Rapporto di lavoro cessato: tutte le ipotesi previste per applicare l’esonero
Data la specificità dei periodi di paga, 1.1.2023 – 31.12.2023, quale periodi utili all’applicazione dei due esoneri, questo comporta che devono essere oggetto di tale esonero solo le quote di contribuzione nell’anno in corso. La situazione cambia, così, in riferimento alle ipotesi di cessazione del rapporto di lavoro entro dicembre 2022 e entro dicembre 2023. Pertanto:
- se il lavoratore ha cessato il proprio rapporto di lavoro entro il 31 dicembre 2022 e, nel corso del 2023, siano state erogate le ultime competenze (ferie, permessi, ratei di mensilità aggiuntive ecc.), l’esonero non trova applicazione su queste ultime competenze;
- se il lavoratore cesserà il proprio rapporto di lavoro entro il 31 dicembre 2023 e, nel corso del 2024, gli dovessero venire erogate le ultime competenze, anche in questo caso, l’esonero nel 2024 non troverà applicazione su tali ultime competenze;
- in caso di continuità di rapporto di lavoro, l’esonero non potrà trovare applicazione in riferimento agli emolumenti erogati nel corso dell’anno 2024, pur se riferiti all’annualità pregressa (quali, ad esempio, i compensi erogati per attività straordinarie).
Determinazione massimale retribuzione imponibile relativa alla tredicesima mensilità
Nella circolare, Inps entra anche nel merito della determinazione del massimale della retribuzione imponibile relativa alla tredicesima.
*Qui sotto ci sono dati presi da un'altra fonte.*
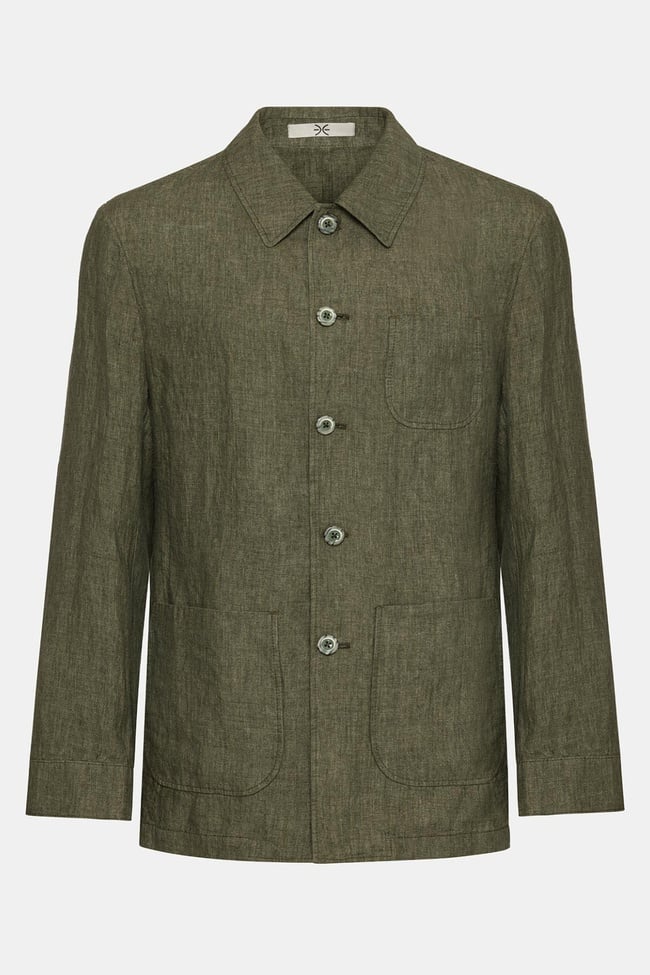  Erkek Haki Leomaster Casual Keten Ceket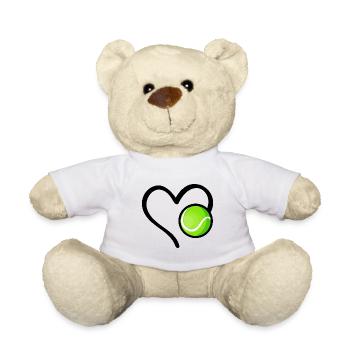 Tennis Heart Tennis Ball - Teddy Bear - white - Front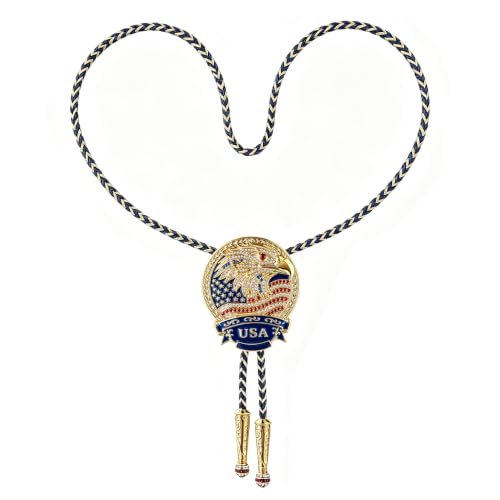 Image of GelConnie Bolo Ties for Men Women Western Cowboy Tie Mens Western Necklace Leather Necktie Gold Bolero Tie Cowboy Necklace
Infatti, la Legge di bilancio 2023 fa espressamente riferimento alla tredicesima: l’importo mensile massimo della retribuzione imponibile deve essere maggiorato, per le competenze di dicembre, del rateo della tredicesima.
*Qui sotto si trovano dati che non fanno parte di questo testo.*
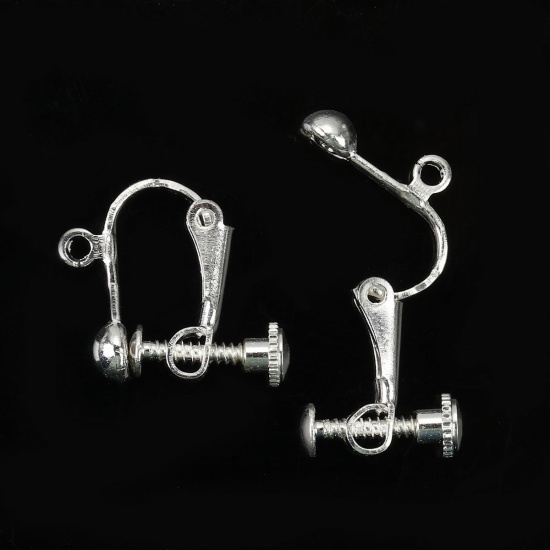 Picture of Brass Non Pierced Screw Back Clips Earrings Silver Tone W/ Loop 18mm x 16mm, 10 PCs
La riduzione della quota contributiva a carico del dipendente, nel mese di dicembre 2023, potrà operare distintamente sia sulla retribuzione corrisposta nello stesso mese, sia sull’importo della tredicesima corrisposta sempre a dicembre 2023.
Laddove, invece, i ratei di tredicesima vengano erogati nei singoli mesi, la riduzione potrà operare distintamente sia sulla retribuzione lorda sia sui ratei della tredicesima.
Flussi Uniemens e variazioni contabili
In conclusione, Inps fornisce anche le istruzioni per l’esposizione dei dati relativi all’esonero per il flusso Uniemens e quelle contabili, contenute nell’Allegato 1.